5e chambre Pole social, 5 décembre 2024 — 23/01884
Texte intégral
RÉPUBLIQUE FRANÇAISE
AU NOM DU PEUPLE FRANÇAIS
ARRÊT N°
N° RG 23/01884 - N° Portalis DBVH-V-B7H-I23Q
POLE SOCIAL DU TJ DE NIMES
18 mars 2021
RG :21/00353
S.A. [5]
C/
CPAM DU [Localité 3]
Grosse délivrée le 05 DECEMBRE 2024 à :
- Me TSOUDEROS
- La CPAM
COUR D'APPEL DE NÎMES
CHAMBRE CIVILE
5e chambre Pole social
ARRÊT DU 05 DECEMBRE 2024
Décision déférée à la Cour : Jugement du Pole social du TJ de NIMES en date du 18 Mars 2021, N°21/00353
COMPOSITION DE LA COUR LORS DES DÉBATS :
M. Yves ROUQUETTE-DUGARET, Président, a entendu les plaidoiries, en application de l'article 805 du code de procédure civile, sans opposition des avocats, et en a rendu compte à la cour lors de son délibéré.

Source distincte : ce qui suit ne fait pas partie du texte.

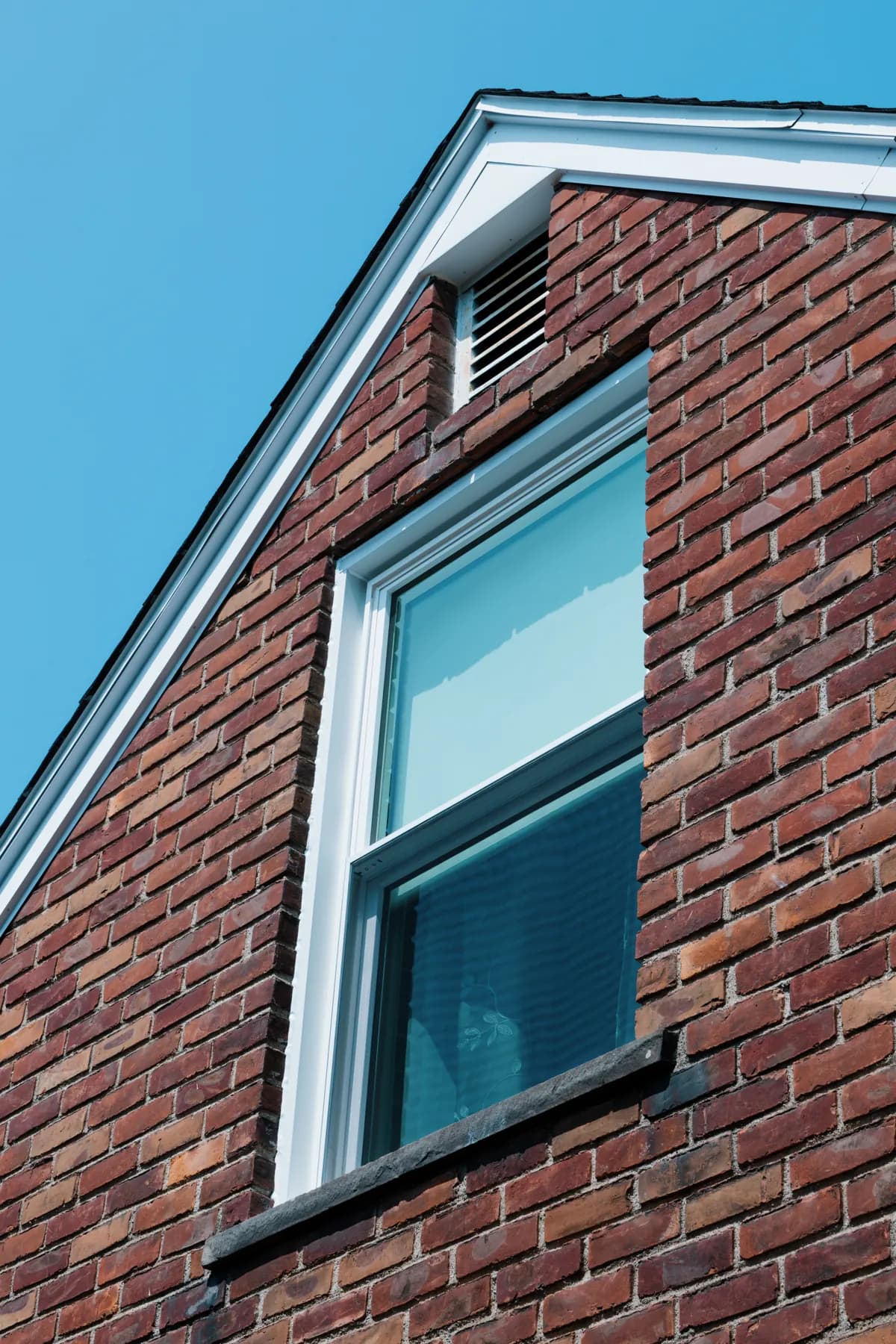 Gable double-hung window with white trim, Southgate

COMPOSITION DE LA COUR LORS DU DÉLIBÉRÉ :
M. Yves ROUQUETTE-DUGARET, Président
Mme Catherine REYTER LEVIS, Conseillère
Madame Evelyne MARTIN, Conseillère
GREFFIER :
Monsieur Julian LAUNAY-BESTOSO, Greffier lors des débats et Madame Delphine OLLMANN, Greffière lors du prononcé de la décision.
DÉBATS :
A l'audience publique du 09 Octobre 2024, où l'affaire a été mise en délibéré au 05 Décembre 2024.
Les parties ont été avisées que l'arrêt sera prononcé par sa mise à disposition au greffe de la cour d'appel.
APPELANTE :
S.A. [5]
[Adresse 1]
[Adresse 1]
Représentée par Me Julien TSOUDEROS, avocat au barreau de PARIS substitué à l'audience par Me BELKORCHIA Yasmina
INTIMÉE :
CPAM DU [Localité 3]
[Adresse 2]
[Adresse 2]
[Adresse 2]
Représenté par M. [I] [L] en vertu d'un pouvoir général
ARRÊT :
Arrêt contradictoire, prononcé publiquement et signé par M. Yves ROUQUETTE-DUGARET, Président, le 05 Décembre 2024, par mise à disposition au greffe de la cour.
FAITS, PROCÉDURE, MOYENS ET PRÉTENTIONS DES PARTIES
Le 07 novembre 2018, Mme [O] [T], employée en qualité de préparatrice de commandes par la SA [5], a souscrit une déclaration de maladie professionnelle sur la base d'un certificat médical initial établi par le docteur [N] [W] le 09 août 2018 qui mentionne 'tendinopathie de l'épaule droite'.
Une enquête administrative a été diligentée par la caisse primaire d'assurance maladie (CPAM) du [Localité 3].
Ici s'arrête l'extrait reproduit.